Understanding Multi-Cluster Kubernetes
Organizations are increasingly deploying multiple Kubernetes clusters to improve availability, isolation and scalability. Learn about the benefits of building multi-cluster Kubernetes applications, how to architect them, and the strategies available for implementing them.
What is Multi-Cluster?
Multi-cluster is a strategy for deploying an application on or across multiple Kubernetes clusters with the goal of improving availability, isolation, and scalability. Multi-cluster can be important to ensure compliance with different and conflicting regulations, as individual clusters can be adapted to comply with geographic- or certification-specific regulations. The speed and safety of software delivery can also be increased, with individual development teams deploying applications to isolated clusters and selectively exposing which services are available for testing and release.
Today, organizations are increasingly deploying many more Kubernetes clusters, and treating these clusters as disposable. Several organizations have talked at KubeCon about “treating clusters as cattle, not pets.” This approach results in several benefits.
Improved Operational Readiness
By standardizing cluster creation, the associated operational runbooks, troubleshooting, and tools are simplified. This eliminates common sources of operational error while also reducing the cognitive load for support engineers and SREs, which ultimately leads to improved overall response time to issues.
Isolation and Multi-Tenancy
Strong isolation guarantees simplify key operational processes such as cluster and application upgrades. Moreover, isolation can reduce the blast radius of a cluster outage. Organizations with strong tenancy isolation requirements can route each tenant to their individual cluster.
Increased Availability and Performance
Multi-cluster enables applications to be deployed in or across multiple availability zones and regions, improving application availability and regional performance for global applications.
Cloud applications today have to comply with a myriad of regulations and policies. A single cluster is unlikely to be able to comply with every regulation. A multi-cluster strategy reduces the scope of compliance for each individual cluster.
Eliminate Vendor Lock-In
A multi-cluster strategy enables your organization to shift workloads between different Kubernetes vendors to take advantage of new capabilities and pricing offered by different vendors.
Multi-Cluster Application Architecture
Multi-cluster applications can be architected in two fundamental ways:
In this model, each cluster runs a full copy of the application. This simple but powerful approach enables an application to scale globally, as the application can be replicated into multiple availability zones or data centers and user traffic routed to the closest or most appropriate cluster.
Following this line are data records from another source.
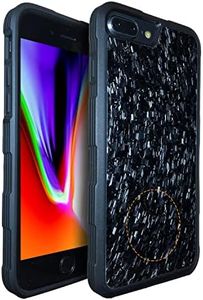 molzar Tire Series for iPhone 8 Plus/7 Plus/6 Plus Case with Real Forged Carbon Fiber, Built-in Metal Plate for Magnetic Mount, Compatible with iPhone 8P/7P/6sP/6P, Black/Forged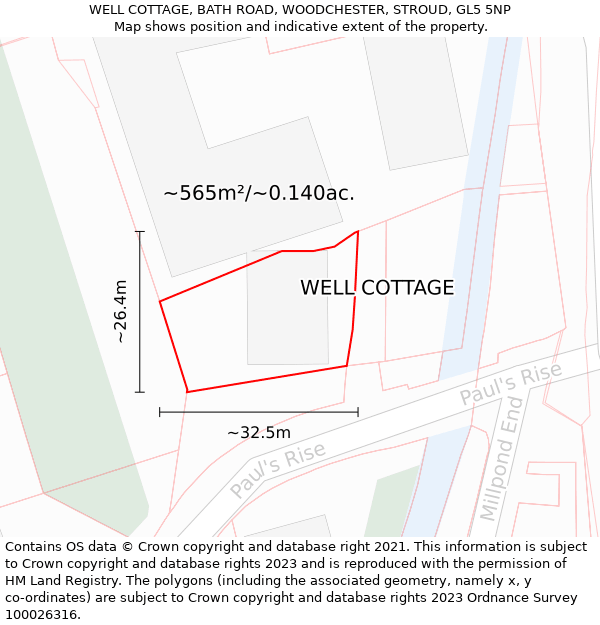 WELL COTTAGE, BATH ROAD, WOODCHESTER, STROUD, GL5 5NP: Plot and title map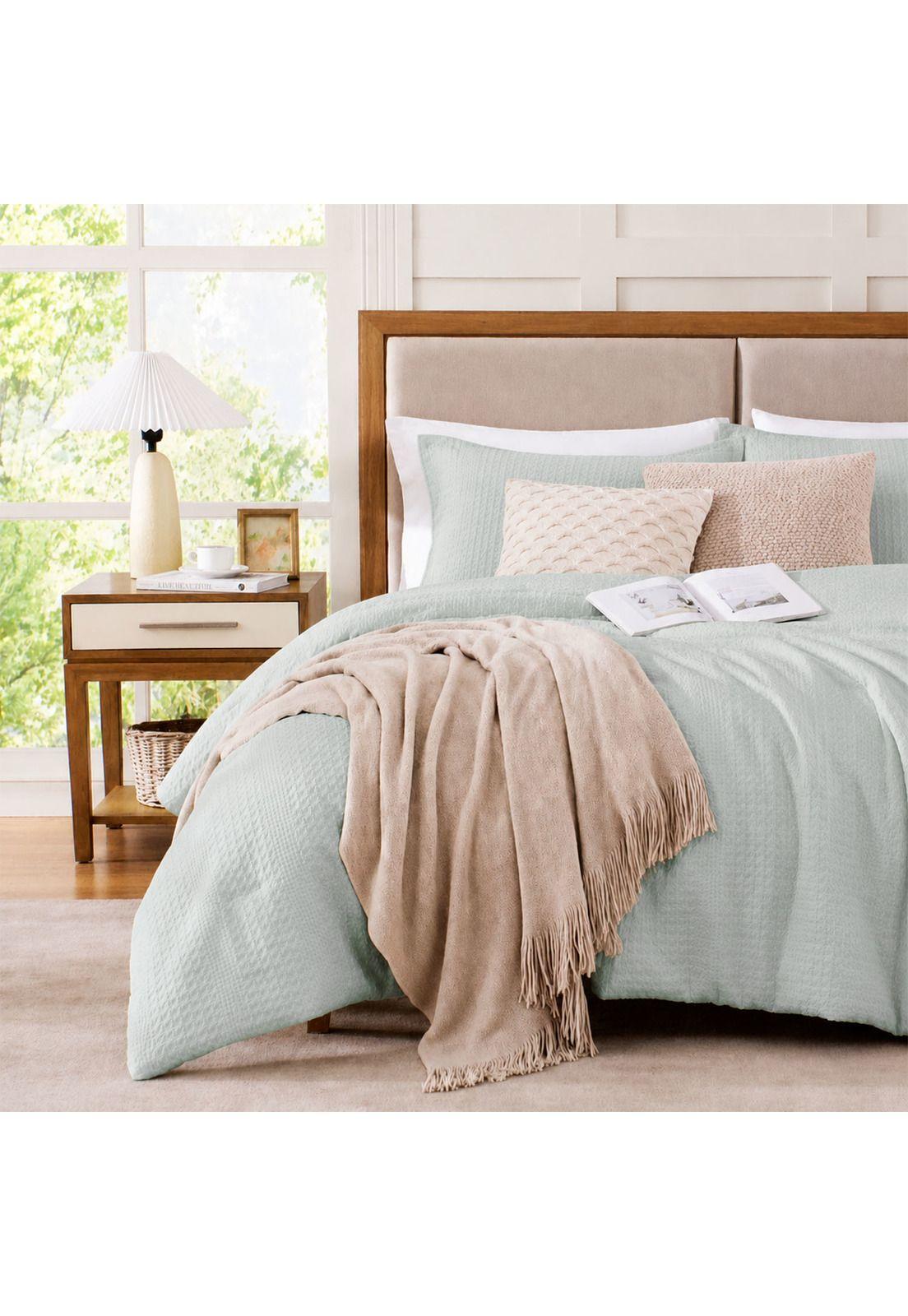 Cubrecama Queen Reversible + Fundas Nautica Home Verde agua-0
Coupled with a health-aware global load balancer, this architecture also enables failover; if one cluster stops functioning or becomes unresponsive, user traffic is routed to another cluster.
In this model, the services of a single application or system are divided across multiple clusters. This approach provides stronger isolation between parts of the application at the expense of greater complexity. This pattern is often used to ease compliance with regulatory requirements. For example, PCI DSS compliant services and supporting infrastructure can be localised into a single cluster, and the remaining application clusters can be operated outside of this scope. This pattern also facilitates speed and safety during application development and delivery, as individual development teams can deploy their specific services into their own cluster without impacting other teams.
Configuring Multi-Cluster Kubernetes
Multi-cluster Kubernetes has a broad scope, with a multitude of challenges and approaches. The general approaches can be loosely grouped into two categories:
"Kubernetes-centric" approaches have worked on supporting and extending the core Kubernetes primitives for multi-cluster use cases to enable a centralized management plane for multiple clusters. The Kubernetes Cluster Federation project, managed by the Kubernetes Multicluster Special Interest Group takes this approach, as does Google’s Anthos project (via environs).
Real-World Multi-Cluster Kubernetes
Which multi-cluster strategy should you choose? As of mid-2020, most organizations adopting multi-cluster are evaluating the network-centric approaches. The primary reasons for this trend are the lack of maturity in the Federation project and the fact that a GitOps approach to configuration management has become de rigueur for Kubernetes users. A GitOps approach, coupled with some basic automation, lends itself easily to managing multiple clusters, as each cluster can be created from a standardized configuration. Thus, a centralized management plane does not reduce management overhead in a way that is proportional to the complexity it introduces.
Of the network-centric approaches, all of the approaches listed above require adoption of a service mesh. Thus, deciding between the approach requires evaluating service meshes in general, in addition to the specific capabilities of each mesh. A brief summary of each of the approaches is below:
Istio has two different strategies for multi-cluster support: replicated control plane and shared control plane. In general, a replicated control plane results in greater system availability and resilience. Istio provides powerful primitives for multi-cluster communication at the expense of complexity. In practice, application and deployment workflow changes are needed to take full advantage of Istio multi-cluster.
Linkerd service mirroring is a simple but powerful approach that requires no modification by applications. Moreover, Linkerd supports using Ambassador Edge Stack for connecting traffic between clusters, enabling resilient application-level connectivity over the Internet.
Consul Connect uses a VPN-like approach built around Consul Mesh Gateways to connect disparate clusters. This approach requires configuring Consul for data center federation so that different Consul instances can achieve strong consistency over a WAN.